Appropriate restrictions should apply |

Appropriate restrictions should apply

Dear Editor:

If the property beneath the Rio Grande Commons building is to be transferred from the entire Aspen community to a private entity, appropriate restrictions should be placed on this transfer to ensure that the property remains an ongoing benefit to our community.

Recent examples set by two local nonprofits suggest that entities given property can undergo a change in direction (or just start seeing dollar signs) such that they decide to change the underlying use of the property:

The Aspen Historical Society attempted to sell development rights by severing TDRs from the Wheeler Stallard Museum. My understanding is that this failed not because of the desire by the nonprofit, but rather because the original donor of the property placed restrictions on the land that ultimately prohibited such a sale.

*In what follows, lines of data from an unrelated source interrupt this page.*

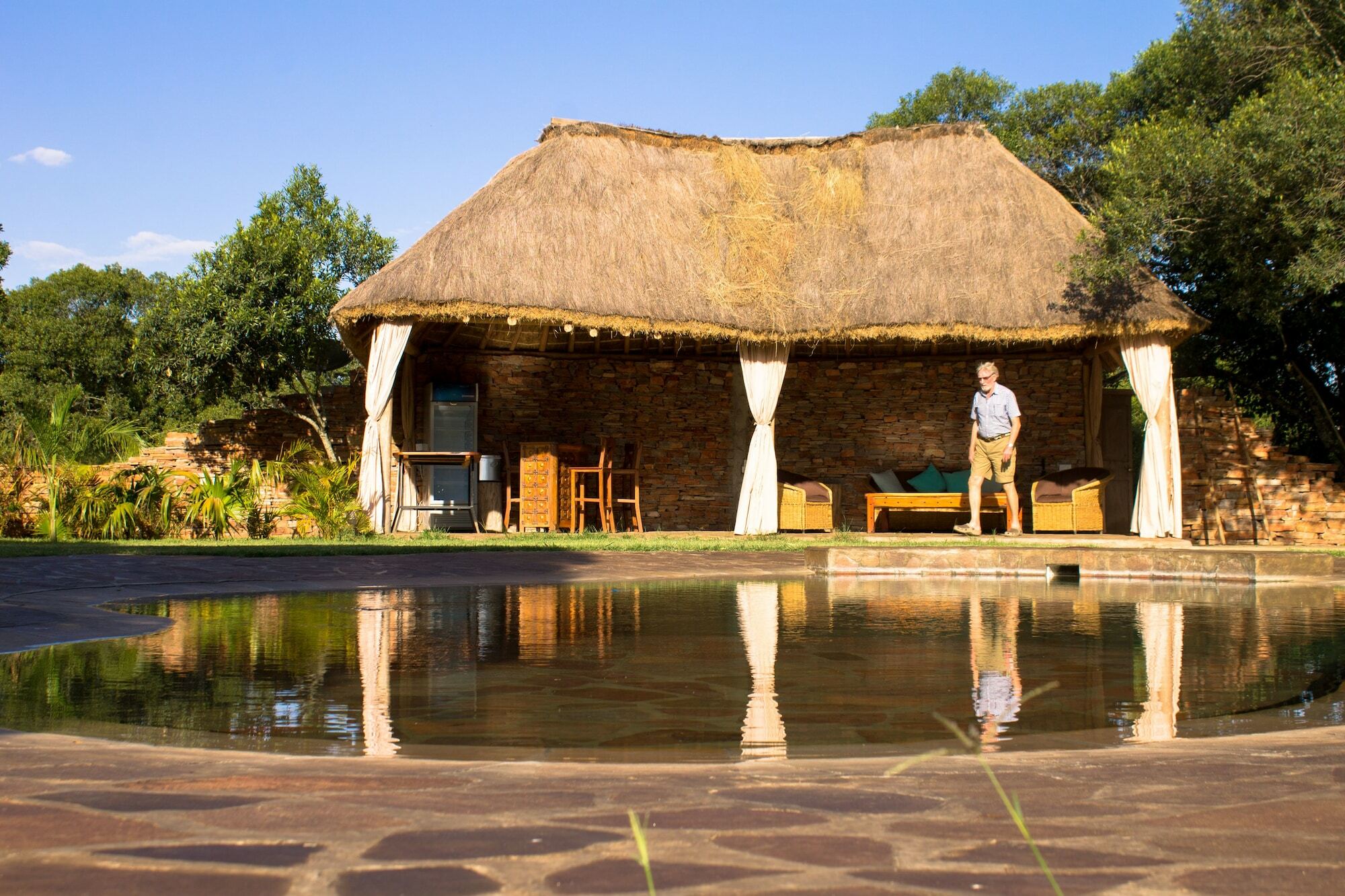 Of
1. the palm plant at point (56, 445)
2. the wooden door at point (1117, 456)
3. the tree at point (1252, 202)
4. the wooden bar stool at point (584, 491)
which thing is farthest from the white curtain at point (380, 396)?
the wooden door at point (1117, 456)

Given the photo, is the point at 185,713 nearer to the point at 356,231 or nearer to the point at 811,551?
the point at 811,551

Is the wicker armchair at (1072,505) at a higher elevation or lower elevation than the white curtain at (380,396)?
lower

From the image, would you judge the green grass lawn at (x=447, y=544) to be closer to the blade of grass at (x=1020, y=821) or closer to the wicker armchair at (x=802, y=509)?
the wicker armchair at (x=802, y=509)

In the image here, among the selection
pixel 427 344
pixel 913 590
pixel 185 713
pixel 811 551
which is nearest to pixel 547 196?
pixel 427 344

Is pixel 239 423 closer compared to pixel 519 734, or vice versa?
pixel 519 734

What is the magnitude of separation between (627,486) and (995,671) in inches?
455

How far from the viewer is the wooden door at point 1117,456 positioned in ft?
50.7

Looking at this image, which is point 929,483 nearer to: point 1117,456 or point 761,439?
point 1117,456

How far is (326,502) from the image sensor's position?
11.9m

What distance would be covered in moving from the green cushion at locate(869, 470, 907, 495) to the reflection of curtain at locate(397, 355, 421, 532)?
225 inches

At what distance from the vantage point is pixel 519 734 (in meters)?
2.86

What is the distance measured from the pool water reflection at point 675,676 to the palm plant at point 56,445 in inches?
273

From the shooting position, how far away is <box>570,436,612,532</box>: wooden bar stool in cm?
1323

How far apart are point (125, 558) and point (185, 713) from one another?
569cm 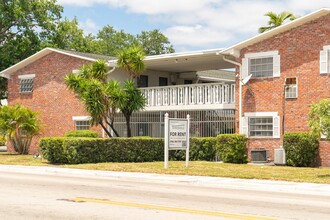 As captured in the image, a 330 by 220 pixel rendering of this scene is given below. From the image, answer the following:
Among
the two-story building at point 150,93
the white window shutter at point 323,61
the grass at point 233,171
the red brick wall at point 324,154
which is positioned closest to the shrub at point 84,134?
the two-story building at point 150,93

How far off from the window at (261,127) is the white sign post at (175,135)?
499cm

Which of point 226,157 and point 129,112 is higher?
point 129,112

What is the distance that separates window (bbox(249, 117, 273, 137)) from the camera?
27.0 metres

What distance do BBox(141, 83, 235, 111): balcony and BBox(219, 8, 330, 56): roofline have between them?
6.36 ft

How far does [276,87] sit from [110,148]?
27.0 ft

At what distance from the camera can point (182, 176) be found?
20203mm

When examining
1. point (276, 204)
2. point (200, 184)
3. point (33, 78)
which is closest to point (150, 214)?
point (276, 204)

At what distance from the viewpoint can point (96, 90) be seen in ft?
92.5

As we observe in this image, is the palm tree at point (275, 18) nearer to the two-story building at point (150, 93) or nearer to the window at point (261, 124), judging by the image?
the two-story building at point (150, 93)

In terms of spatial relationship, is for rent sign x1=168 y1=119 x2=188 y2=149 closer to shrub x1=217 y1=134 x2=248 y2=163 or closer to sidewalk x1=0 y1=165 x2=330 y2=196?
sidewalk x1=0 y1=165 x2=330 y2=196

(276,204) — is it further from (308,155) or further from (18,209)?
(308,155)

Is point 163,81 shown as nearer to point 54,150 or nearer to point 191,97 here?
point 191,97

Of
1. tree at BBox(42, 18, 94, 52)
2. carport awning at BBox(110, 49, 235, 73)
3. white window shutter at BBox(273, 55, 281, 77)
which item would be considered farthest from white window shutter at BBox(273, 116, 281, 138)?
tree at BBox(42, 18, 94, 52)

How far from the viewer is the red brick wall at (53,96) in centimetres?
3488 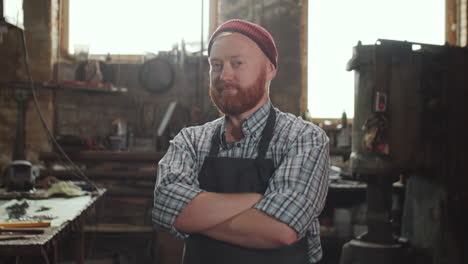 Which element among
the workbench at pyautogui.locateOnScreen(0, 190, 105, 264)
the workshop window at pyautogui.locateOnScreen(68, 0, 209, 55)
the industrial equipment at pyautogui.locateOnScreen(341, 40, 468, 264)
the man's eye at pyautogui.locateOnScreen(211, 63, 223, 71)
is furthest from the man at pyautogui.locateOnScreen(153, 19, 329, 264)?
the workshop window at pyautogui.locateOnScreen(68, 0, 209, 55)

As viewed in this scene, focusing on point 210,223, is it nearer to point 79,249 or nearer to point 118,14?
point 79,249

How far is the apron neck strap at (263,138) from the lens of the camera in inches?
75.1

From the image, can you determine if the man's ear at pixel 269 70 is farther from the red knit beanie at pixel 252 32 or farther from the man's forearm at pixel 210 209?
the man's forearm at pixel 210 209

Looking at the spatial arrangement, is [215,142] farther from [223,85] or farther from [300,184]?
[300,184]

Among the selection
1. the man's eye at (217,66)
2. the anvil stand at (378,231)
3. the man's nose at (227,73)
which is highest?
the man's eye at (217,66)

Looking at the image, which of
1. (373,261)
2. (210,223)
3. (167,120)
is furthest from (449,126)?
(167,120)

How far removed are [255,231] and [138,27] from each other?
5.52 m

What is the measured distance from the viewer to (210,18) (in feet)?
22.7

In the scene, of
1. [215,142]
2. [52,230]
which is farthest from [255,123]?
[52,230]

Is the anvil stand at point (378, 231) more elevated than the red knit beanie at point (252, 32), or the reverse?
the red knit beanie at point (252, 32)

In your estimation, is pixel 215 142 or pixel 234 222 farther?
pixel 215 142

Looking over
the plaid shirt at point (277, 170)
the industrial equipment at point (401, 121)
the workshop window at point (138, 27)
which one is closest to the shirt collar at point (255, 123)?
the plaid shirt at point (277, 170)

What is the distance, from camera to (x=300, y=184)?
1779 millimetres

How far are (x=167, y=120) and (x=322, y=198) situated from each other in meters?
4.86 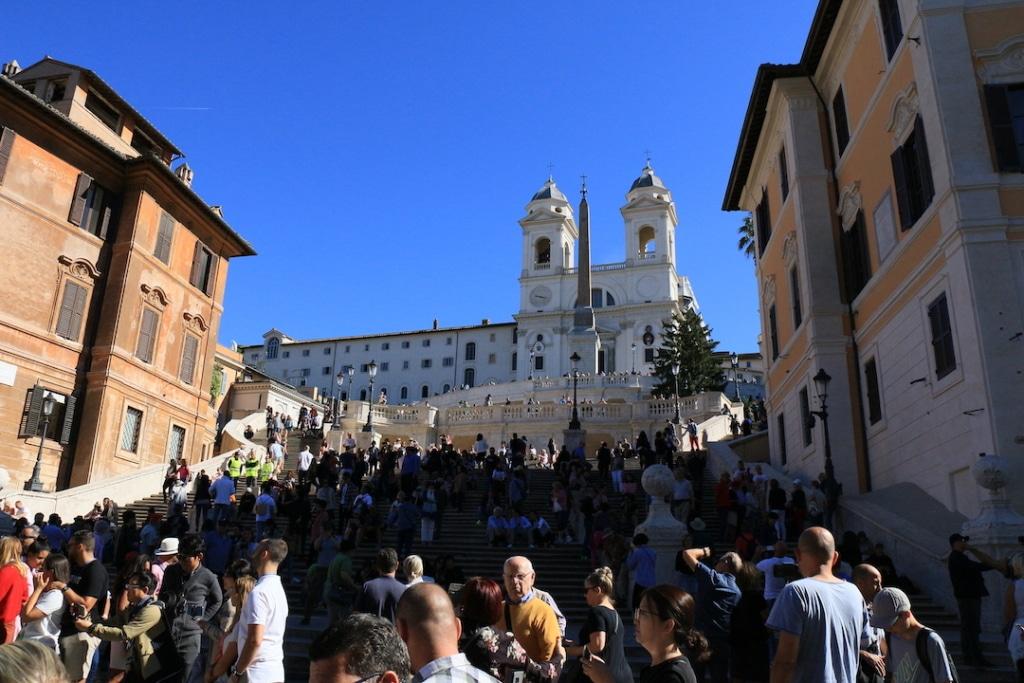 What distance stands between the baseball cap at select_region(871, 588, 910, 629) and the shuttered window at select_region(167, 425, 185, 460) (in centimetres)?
2839

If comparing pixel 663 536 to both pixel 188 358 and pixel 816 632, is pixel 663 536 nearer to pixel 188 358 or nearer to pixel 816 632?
pixel 816 632

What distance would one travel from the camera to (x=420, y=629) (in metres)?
3.03

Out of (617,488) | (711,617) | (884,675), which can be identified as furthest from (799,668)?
(617,488)

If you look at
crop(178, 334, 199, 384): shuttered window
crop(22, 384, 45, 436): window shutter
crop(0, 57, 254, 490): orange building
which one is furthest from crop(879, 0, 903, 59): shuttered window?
crop(178, 334, 199, 384): shuttered window

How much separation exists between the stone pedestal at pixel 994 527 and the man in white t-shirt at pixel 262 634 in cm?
1018

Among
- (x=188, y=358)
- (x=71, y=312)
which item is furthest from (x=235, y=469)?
(x=188, y=358)

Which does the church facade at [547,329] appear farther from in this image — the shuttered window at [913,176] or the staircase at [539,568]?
the shuttered window at [913,176]

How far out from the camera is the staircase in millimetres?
10541

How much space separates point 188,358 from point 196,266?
3651 mm

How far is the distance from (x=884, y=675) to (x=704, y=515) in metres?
14.5

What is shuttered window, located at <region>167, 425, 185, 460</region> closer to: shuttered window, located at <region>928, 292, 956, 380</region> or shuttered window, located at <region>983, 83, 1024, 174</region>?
shuttered window, located at <region>928, 292, 956, 380</region>

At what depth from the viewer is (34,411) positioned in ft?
78.8

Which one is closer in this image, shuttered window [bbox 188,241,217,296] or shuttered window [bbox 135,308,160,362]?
shuttered window [bbox 135,308,160,362]

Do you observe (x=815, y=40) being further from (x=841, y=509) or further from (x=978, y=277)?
(x=841, y=509) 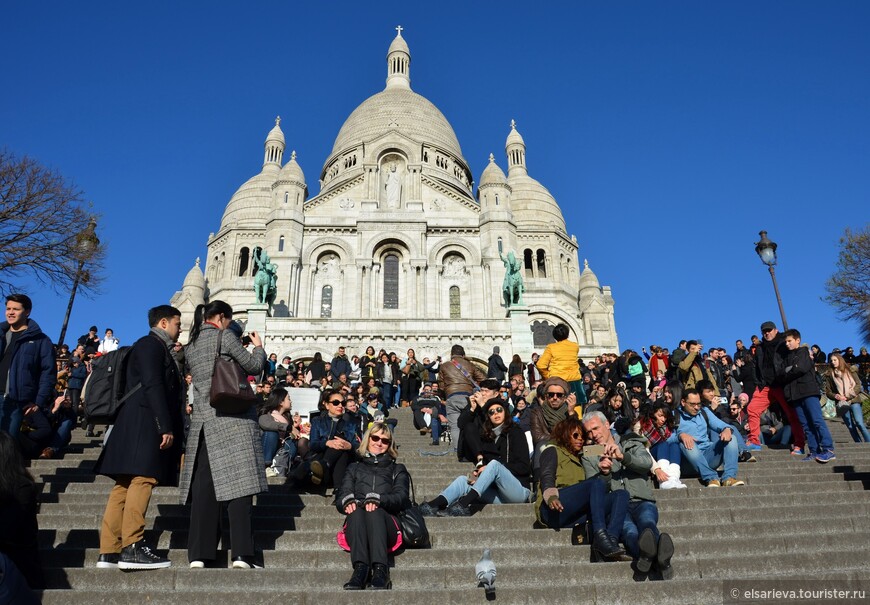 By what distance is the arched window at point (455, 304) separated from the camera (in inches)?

The Silver Lining Ranch attempted to convert their property to single family use for the purpose of selling out to the highest taker. My understanding is that this failed not because of the desire by the nonprofit, but rather because local elected officials directed that the property use remain as a nonprofit.

Both of these nonprofits attempted to convert some of their real estate into cash. Both failed, not due to their own will but due to outside prohibitions.

At a minimum, the use of the property both now and for the long-term future should be formally documented (versus relying on non-binding verbal assurances) to prevent unintended uses of a piece of property currently owned by the entire Aspen community.

I believe the best way to maintain control over the property is to not put the outright sale of city property on the ballot and instead consider a long-term land lease at free-market rates. This could allow the AAM to build while protecting the city if the AAM later opts to alter their use of the property, such as charging an admission fee, subleasing or selling their property outright.